It is doubtful if anyone aboard the
Meshuda
realised the corvette had come free of the sands. The smoke was still wreathing about her bows as the first shot hit her. And as the wind continued to bring the
Swallow
's head round towards the open sea, all twelve of her starboard carronades poured their fire into the schooner.

It was not until the smoke had cleared that Nathan was able to see the damage they had done. The hollow shot fired by the carronades was designed to break up on impact, showering the enemy deck with wood and metal. But at such close quarters it had punched jagged holes in her hull, knocking several gunports into one. The devastation on the gundeck must have been dreadful.

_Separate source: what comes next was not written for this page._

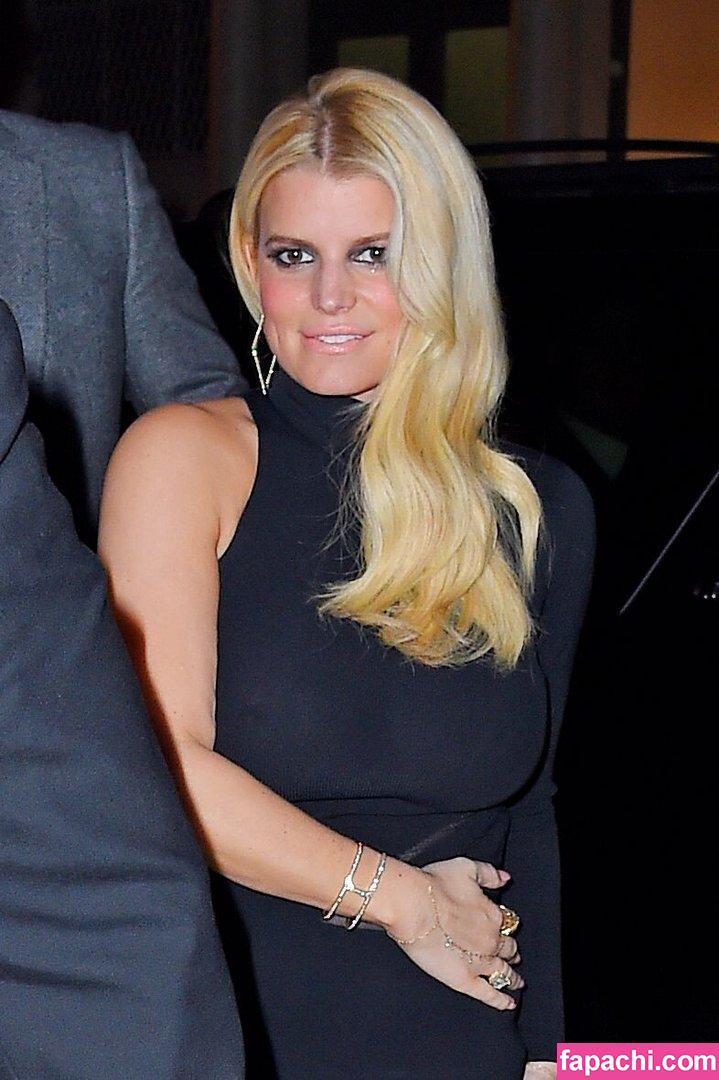 crystal reeve recommends jessica simpson leaked photo pic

Some of the guns had fired back, but not many, and Nathan could see no obvious signs of damage aboard the
Swallow
.

Someone on the schooner's quarterdeck – Lisle himself, perhaps – must have finally realised what had happened and ordered the helmsmen to bear away. She answered well enough at first, but the
Swallow
was still coming round with the wind, gathering pace as she did so, and the two vessels were running side by side when the corvette fired her second broadside.

If Nathan still entertained a prejudice against carronades, he suspended it for the duration. At close range they gave the little sloop almost as much firepower as a ship of the line – which presumably was the purpose of installing them in pre ference to long guns. Mr Wallace was dancing with glee or astonishment – or both – and Nathan was about to issue a sharp reprimand when he remembered that this was the first time the man had seen his precious ordnance fired in anger. Thankfully, George Banjo was dashing from breech to breech, in that curious gait beloved of gunners, like a large ungainly bird, unused to walking, constantly doubling at the waist to peer through the gunports or check a powder charge or a flintlock. Lamb was doing the same thing, up with the forward guns, and Lieutenant-Captain Belli – where
was
Lieutenant-Captain Belli? Then he saw him, or rather what was left of him, stretched out on the gundeck with half his head missing and two of his Russians wailing over the ruin. Nathan opened his mouth to shout at them to carry him below, and then snapped it shut. They would not understand him, nor would they be able to carry the officer below, not unless they took a half-dozen men from the guns.

The
Meshuda
was drawing away from them now. Nathan doubted if she was a faster sailor, not with the
wind on her beam, but the
Swallow
was still struggling to gain momentum from her standing start. Lisle clearly sought to take advantage of this, for instead of veering further to leeward, the schooner began to turn into the wind, and Nathan saw that he planned to cut across their bows and rake them with his remaining guns.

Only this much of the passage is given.